Hey all.
I have a chat app. I’m using crews to respond to user inquiries in the chat.
I would like crews to provide answers and rely on a context from a previous questions.
My expectation is that Memory feature can help with that.
I configured my crew in the following way:
dynamic_crew = Crew(
agents=crew_agents,
tasks=crew_tasks,
verbose=True,
memory=True,
embedder={
"provider": "google",
"config": {
"api_key": os.getenv("GEMINI_API_KEY"),
"model": "models/text-embedding-004"
}
},
long_term_memory=LongTermMemory(storage=LTMSQLiteStorage(
db_path=
"./memorydb/dynamic_crew_%s/long_term_memory_storage.db" %
user_id)),
short_term_memory=ShortTermMemory(storage=RAGStorage(
type="short_term",
embedder_config={
"provider": "google",
"config": {
"api_key": os.getenv("GEMINI_API_KEY"),
"model": "models/text-embedding-004"
}
},
path="./memorydb/dynamic_crew_%s/" % user_id)),
entity_memory=EntityMemory(storage=RAGStorage(
type="short_term",
embedder_config={
"provider": "google",
"config": {
"api_key": os.getenv("GEMINI_API_KEY"),
"model": "models/text-embedding-004"
}
},
path="./memorydb/dynamic_crew_%s/" % user_id)),
)
As you see for each user the memory is stored in a different folder.

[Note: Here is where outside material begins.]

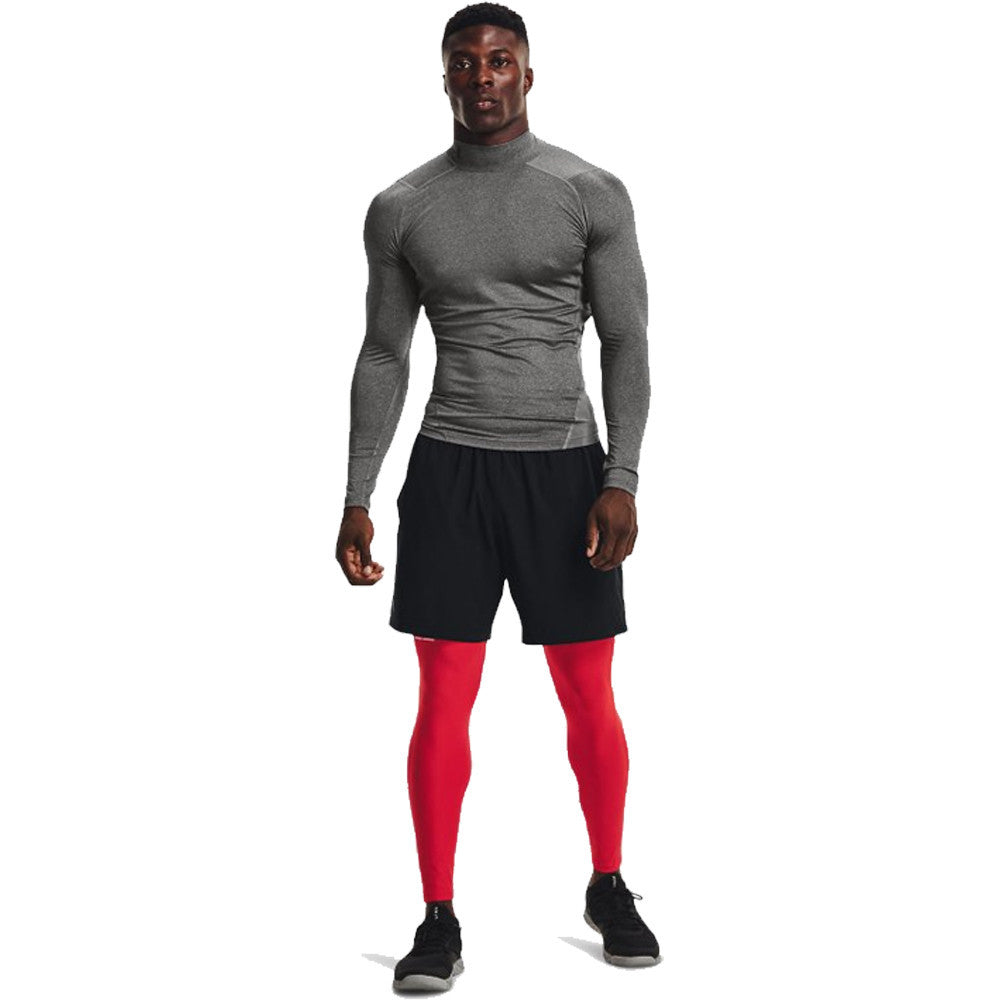 Under Armour HeatGear Men's Compression Mock Long Sleeve Top - Carbon Heather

I see the files are stored in the folder and memories are written, but at the same time I don’t see context being used.
Like I ask a simple question: How old is Nike brand? - got a response.
The next question is: “What about Columbia?” - the crew response is not about the age at all.
Are my expectations wrong? I saw this article from @zinyando that makes sense for my use case, but I’m curious if I can have built-in memory to work for this use case.